The tests were still passing the last time I ran them, even though bringing the containers up was suspect [took longer than it seems like it should have for the ports to become active], so I feel like.. the database isn't corrupted...? But I really don't know how to check that.

mikeizbicki commented 1 month ago

It shouldn't be necessary to ever stop the containers for the indexes assignment if you're not trying to delete the database. Also, the database should never corrupt if you're only running commands that interface with postgres directly due to postgres's ACID guarantees. (The only time I've ever seen a student's database get corrupted is when they've done the rm $PGDATA command and the command fails for some reason. This command is outside of postgres, and so postgres's ACID guarantees do not apply.)

But to answer your question, you can bring down all running containers using the commands

$ docker stop $(docker ps -qa)
$ docker rm $(docker ps -qa)

These commands can usually bring down contains even when docker-compose down is failing for some reason.

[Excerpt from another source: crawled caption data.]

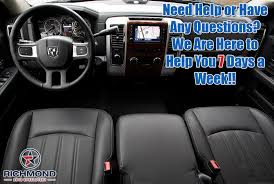 Image result for Case Power Tan 2012 Dodge Truck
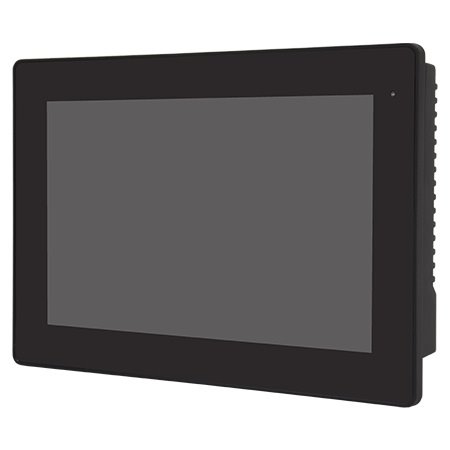 Aplex AUHMI-910CP-I5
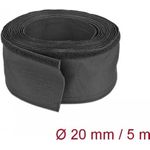 DeLOCK Cable sleeving (19190)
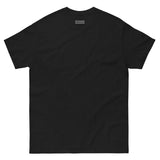BGT - KingdomLifeClothingCo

If those commands also aren't working, then docker kill will be guaranteed to bring the container down.

ains-arch commented 1 month ago

So, if I need to close my terminal windows because I need to pause working but not delete my data, I shouldn't run docker-compose down first? I've heard some people are doing that and I have been and it doesn't seem like it's broken anything yet but I don't know. I guess I'm unclear on what the procedure should be when starting and stopping work in multiple sessions.